(DATA LISTING begins)

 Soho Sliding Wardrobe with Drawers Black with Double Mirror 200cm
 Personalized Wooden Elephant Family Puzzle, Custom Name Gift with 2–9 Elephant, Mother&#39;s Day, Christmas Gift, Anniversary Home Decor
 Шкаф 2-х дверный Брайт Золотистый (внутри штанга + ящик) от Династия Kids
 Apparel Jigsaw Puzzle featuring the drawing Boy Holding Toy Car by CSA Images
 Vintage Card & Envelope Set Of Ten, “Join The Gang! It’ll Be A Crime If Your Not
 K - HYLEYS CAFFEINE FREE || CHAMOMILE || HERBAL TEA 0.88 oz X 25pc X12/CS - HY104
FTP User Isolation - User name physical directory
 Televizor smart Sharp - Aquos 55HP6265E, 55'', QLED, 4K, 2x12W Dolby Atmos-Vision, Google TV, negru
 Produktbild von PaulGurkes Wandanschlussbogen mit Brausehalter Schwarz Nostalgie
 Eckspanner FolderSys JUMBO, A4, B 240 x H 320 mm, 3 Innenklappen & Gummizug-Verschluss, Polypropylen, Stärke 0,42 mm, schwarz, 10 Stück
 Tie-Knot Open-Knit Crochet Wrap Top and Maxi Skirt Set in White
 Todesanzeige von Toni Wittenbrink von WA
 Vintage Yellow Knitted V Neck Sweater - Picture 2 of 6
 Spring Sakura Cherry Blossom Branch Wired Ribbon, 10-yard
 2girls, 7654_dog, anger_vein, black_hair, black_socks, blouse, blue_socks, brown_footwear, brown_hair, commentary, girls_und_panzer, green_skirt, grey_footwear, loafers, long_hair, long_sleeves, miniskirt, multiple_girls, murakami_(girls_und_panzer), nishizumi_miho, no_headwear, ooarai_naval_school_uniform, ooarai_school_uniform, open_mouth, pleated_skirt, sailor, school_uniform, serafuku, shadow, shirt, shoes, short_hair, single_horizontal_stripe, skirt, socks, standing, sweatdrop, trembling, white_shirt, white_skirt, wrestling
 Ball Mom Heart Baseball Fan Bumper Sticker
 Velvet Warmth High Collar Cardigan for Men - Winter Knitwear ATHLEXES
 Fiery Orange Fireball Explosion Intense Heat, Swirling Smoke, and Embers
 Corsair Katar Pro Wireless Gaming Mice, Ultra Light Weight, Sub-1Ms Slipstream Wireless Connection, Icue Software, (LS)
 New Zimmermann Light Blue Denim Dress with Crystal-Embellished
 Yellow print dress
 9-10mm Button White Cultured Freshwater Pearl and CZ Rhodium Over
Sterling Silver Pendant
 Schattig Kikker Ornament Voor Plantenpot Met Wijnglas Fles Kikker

(DATA LISTING ends)

Please return all lines from the records that hold the word "Yellow".

 Vintage Yellow Knitted V Neck Sweater - Picture 2 of 6
 Yellow print dress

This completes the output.